Ann Charlotte Bartholomew (1800–1862), was an English flower and miniature painter, and author.

Life

Bartholomew was born on 20 March 1800 in Loddon, Norfolk,   the daughter of Arnall Fayermann and niece of John Thomas, bishop of Rochester. In 1827 she married the composer Walter Turnbull who died in 1838.

In 1840 she published Songs of Azrael and other poems under the name of Mrs. Turnbull. In the same year she became the second wife of the flower painter, Valentine Bartholomew. After this, she began painting still-life fruits and flowers.  She exhibited at the British Institution and the  Royal Academy.  and the Society of British Artists. She was a founding member of the Society of Female Artists, after petitioning the Royal Academy to open its schools to women. The British Museum has one watercolour of this kind, "Study of a Garden Poppy"  But her main employment was miniatures for brooches and jewellery.

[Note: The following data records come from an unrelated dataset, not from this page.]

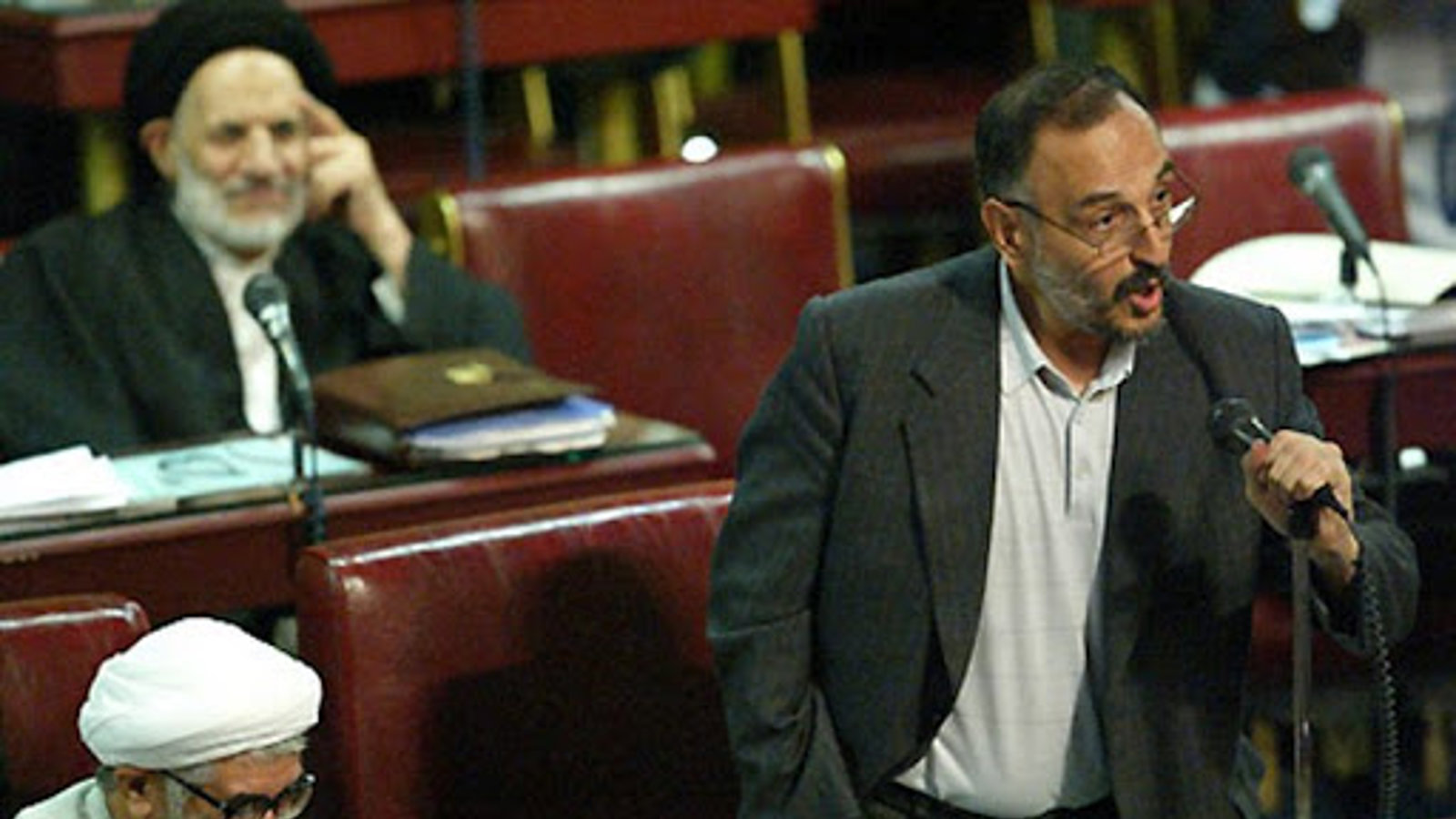 نگاهی بر دیدگاه‌های آقای اکبر اعلمی نماینده‌ی سابق تبریز در مجلس شورای اسلامی ایران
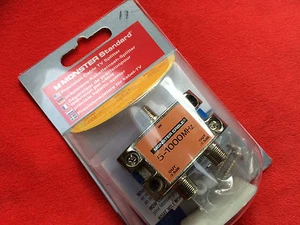 Monster Cable 1 GHz 2 way RF splitter 112786-00 - Bild 1 von 2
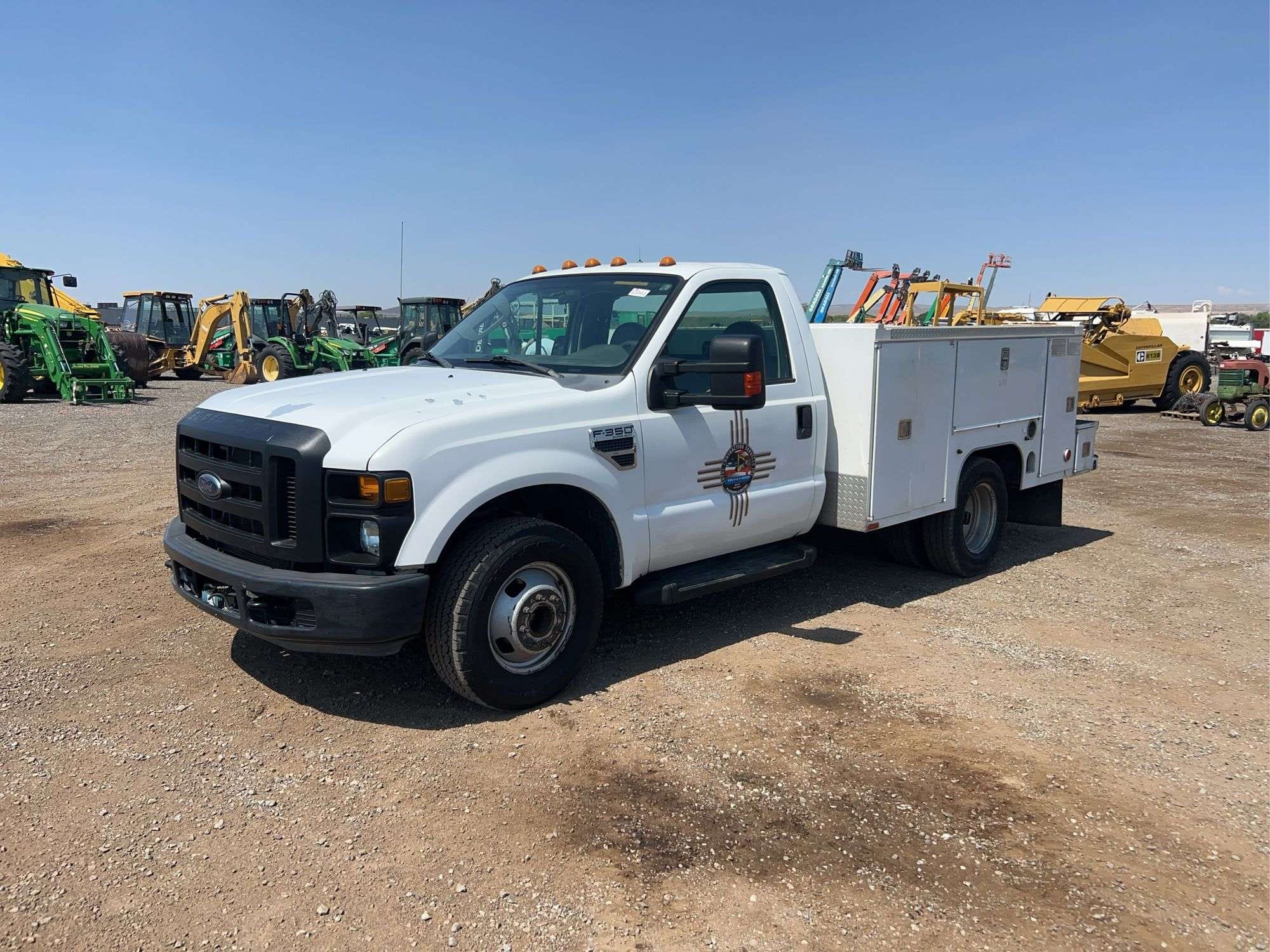 2009 Ford F-350 Equipment Image0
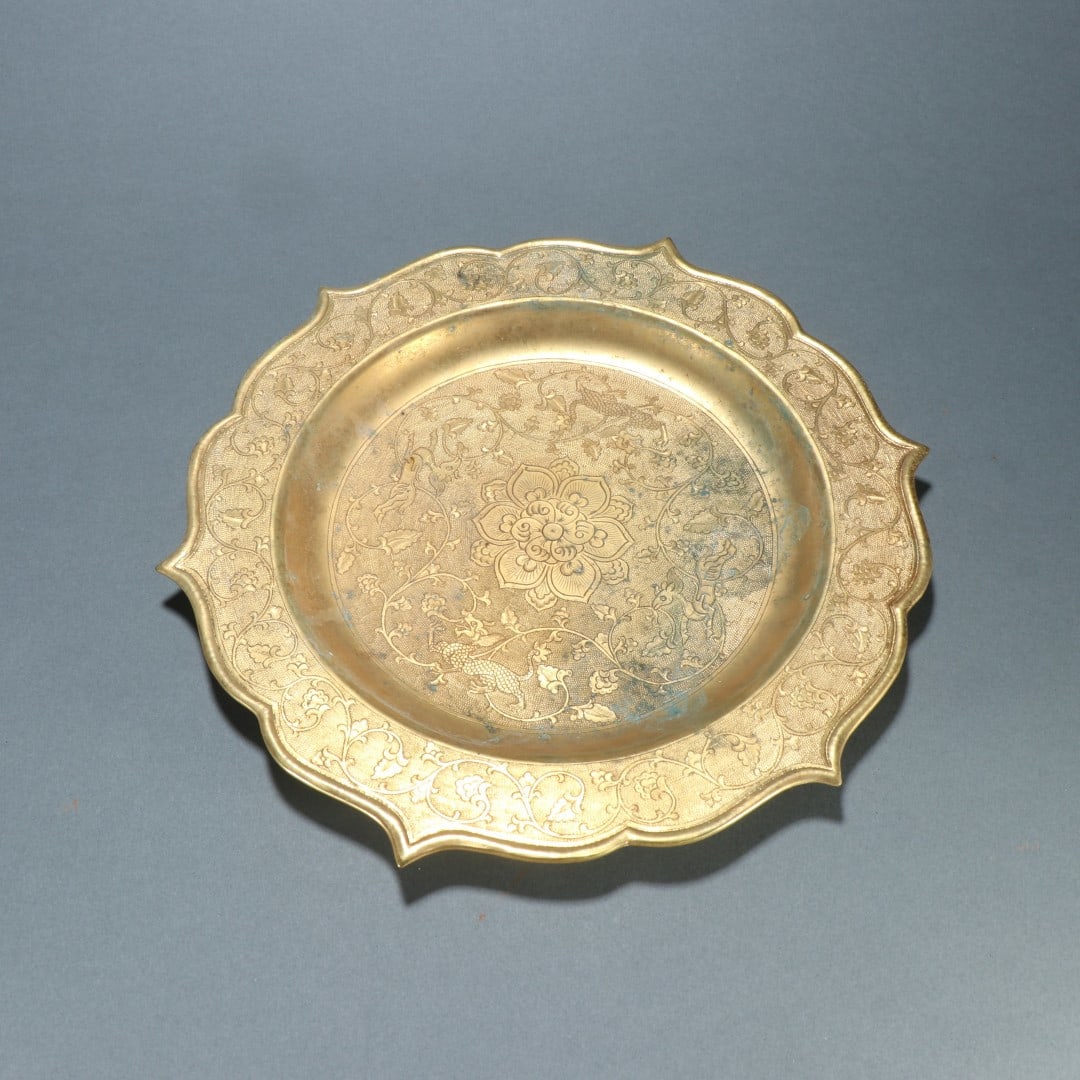A finely gilt plate (1 of 8)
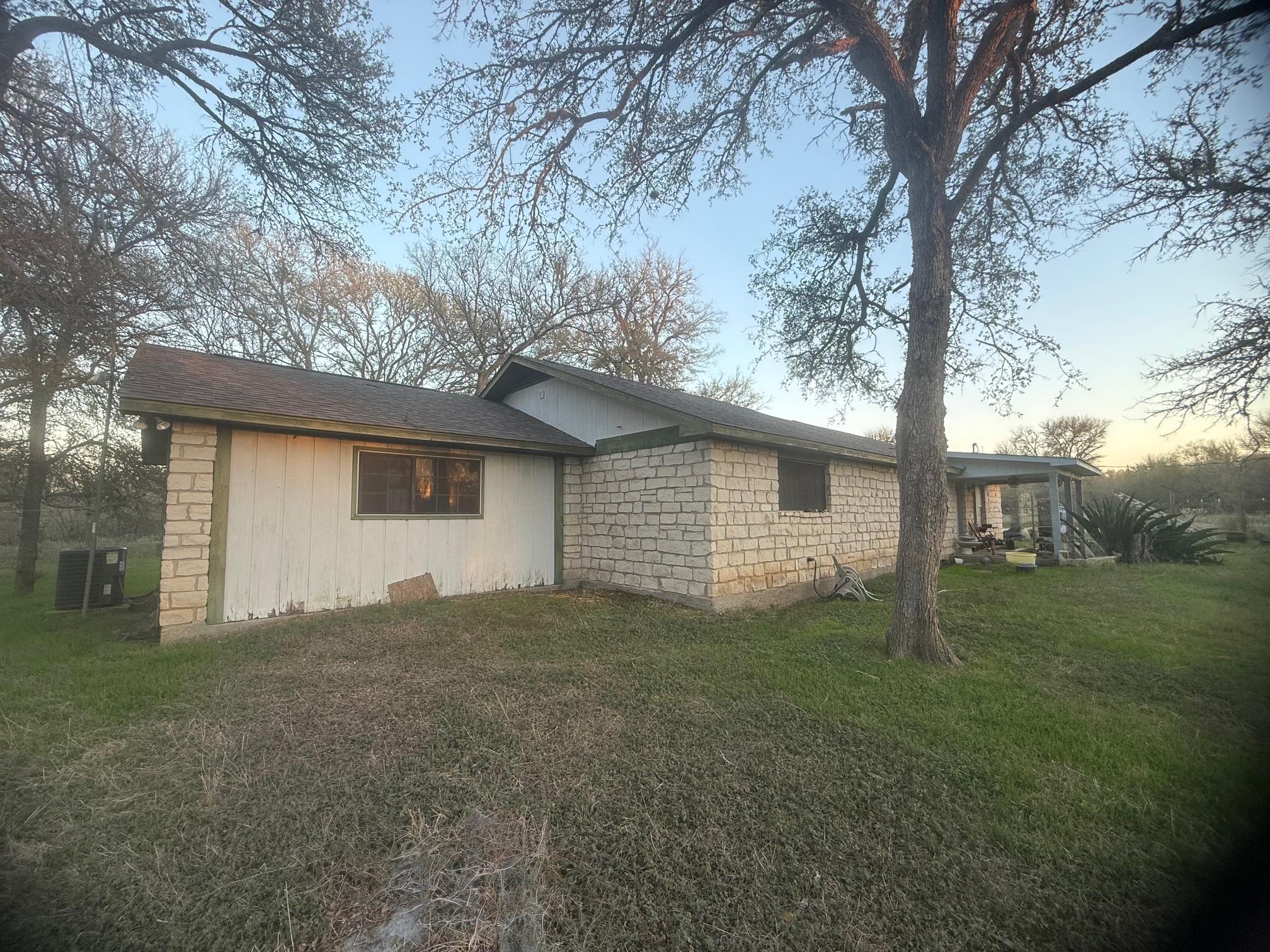 326 The Forest Rd, Dale, TX 78616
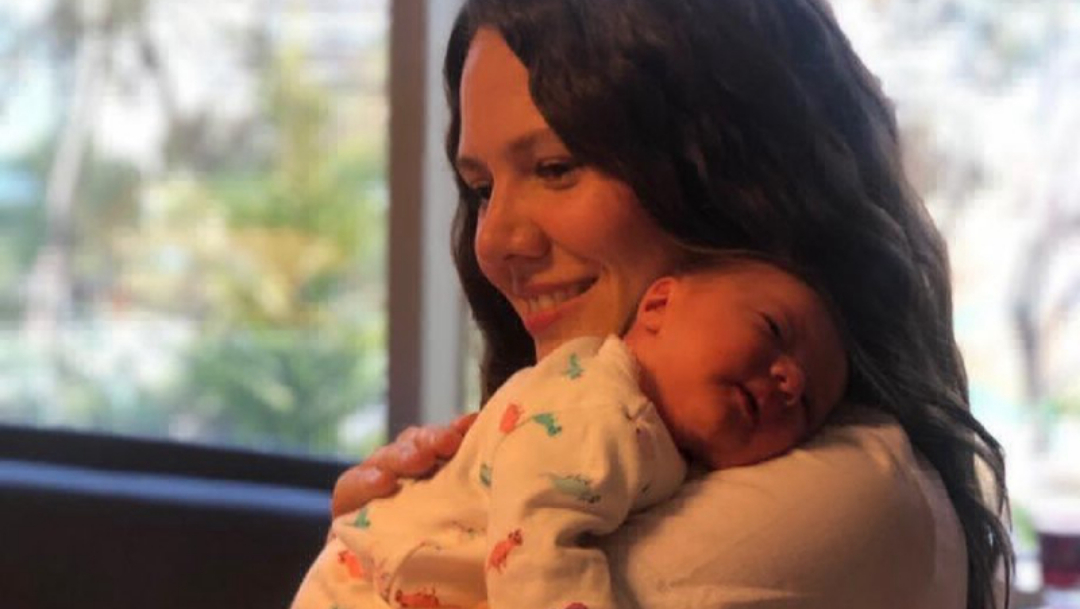 Joy Huerta Pareja, Joy Huerta BebÃ©, Joy Huerta Y Su Hija, Aeropuerto, Joy Huerta Y Su Esposa, Esposa Joy Huerta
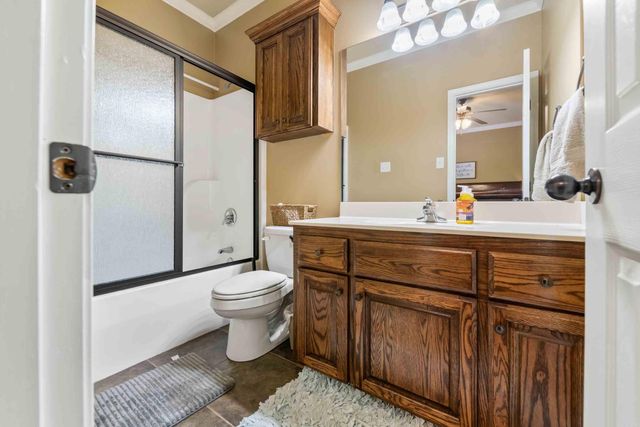 60 Highland Rd, Tumbling Shoals, AR 72581
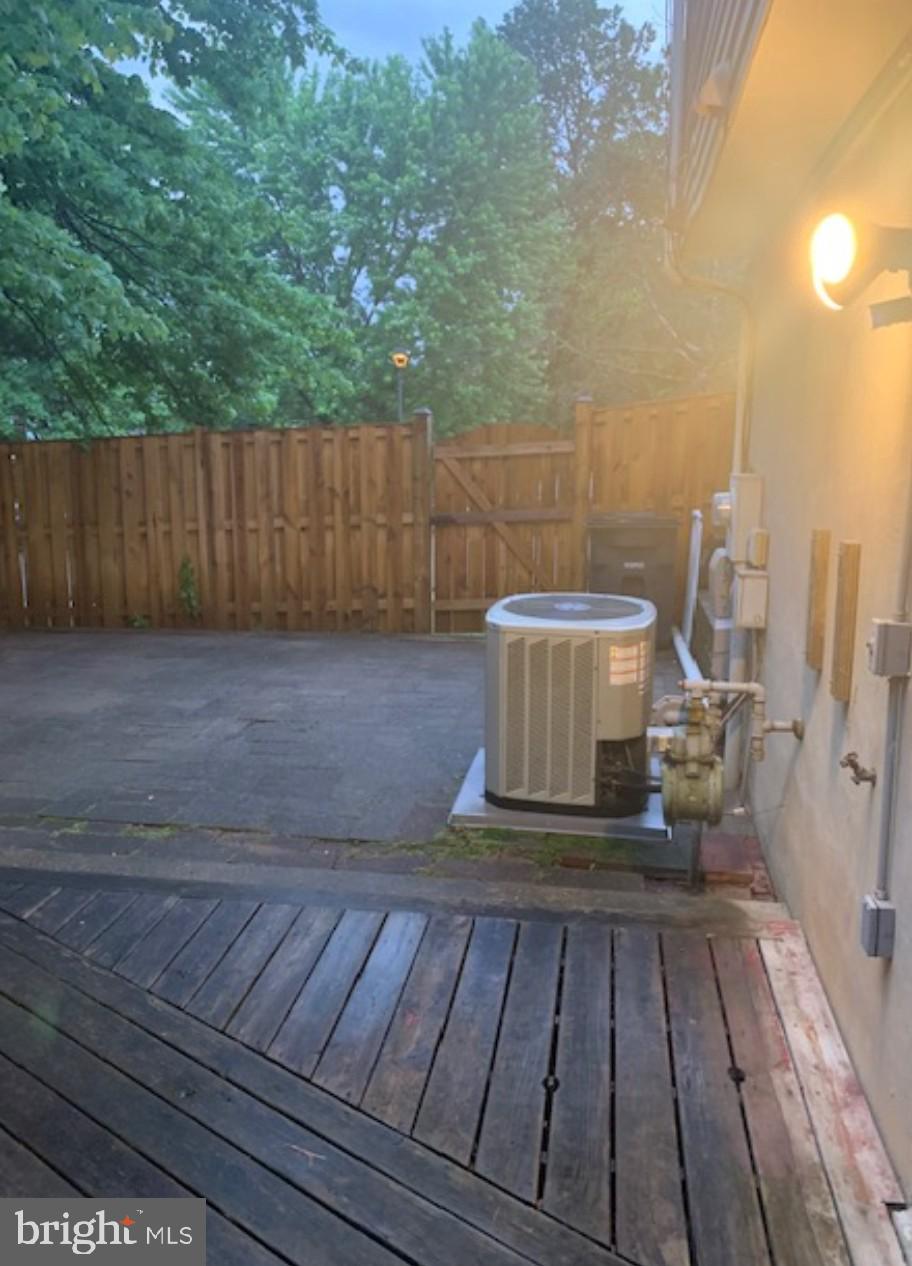 14999 Carlsbad Road Woodbridge, VA 22193 - Photo 40 of 54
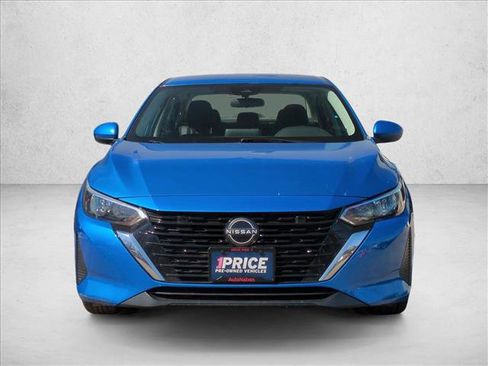 Used 2024 Nissan Sentra SV image 2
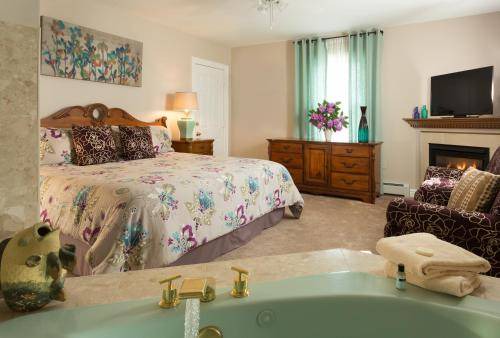 Photo of Bedroom in Off Broadway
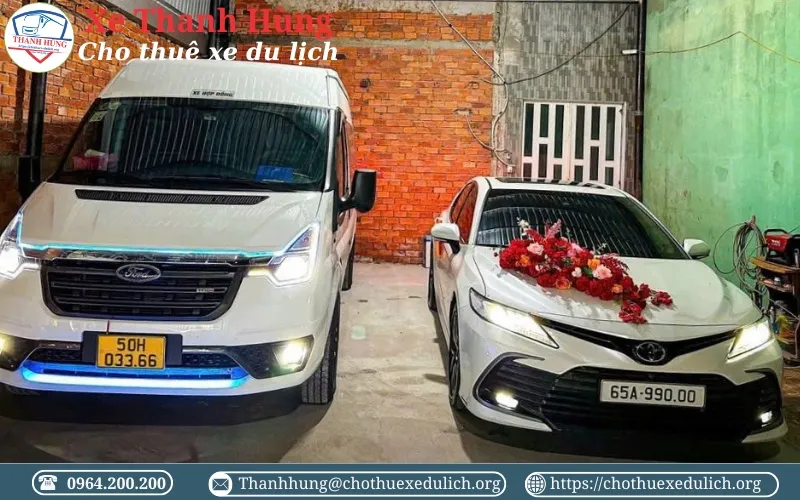 Thuê xe cưới Camry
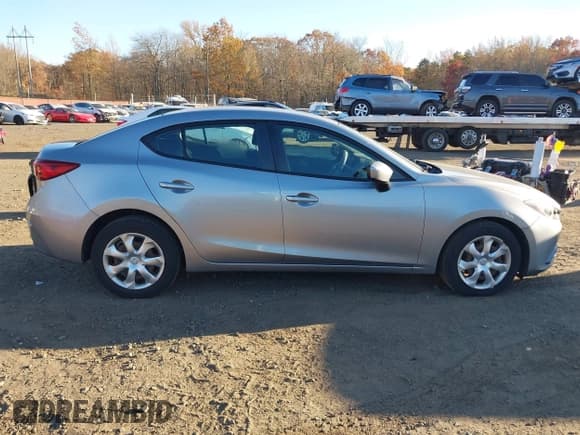 ✅ 2015 Mazda 3 i Sport • VIN: 3MZBM1U72FM232404 • Lot: 43614960. Wystawiony na IAAI z przebiegiem 126 478 mil. Bezpłatny archiwum sprzedaży aukcyjnych z USA i szczegółowy raport historii pojazdu na DreamBid. Zdjęcie 13.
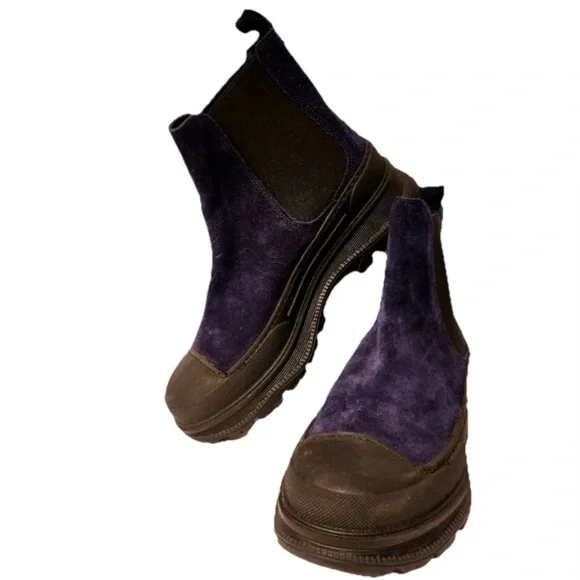 LIFE Women's Italian Blue & Black Suede Platform ChelseaBoots Size 6.5 /37 - Picture 1 of 14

Her play The Ring, or the Farmer's Daughter, a domestic drama in two acts, appeared in 1845, and another, a farce called  It's Only My Aunt was first performed at the Marylebone Theatre in 1849. Both of these are widely available in microform as part of the English and American Drama of the 19th Century series.

She occasionally exhibited flower or fruit pieces, and showed at the Royal Academy. The British Museum has one watercolour of this kind, but her main employment was miniatures for brooches and jewellery.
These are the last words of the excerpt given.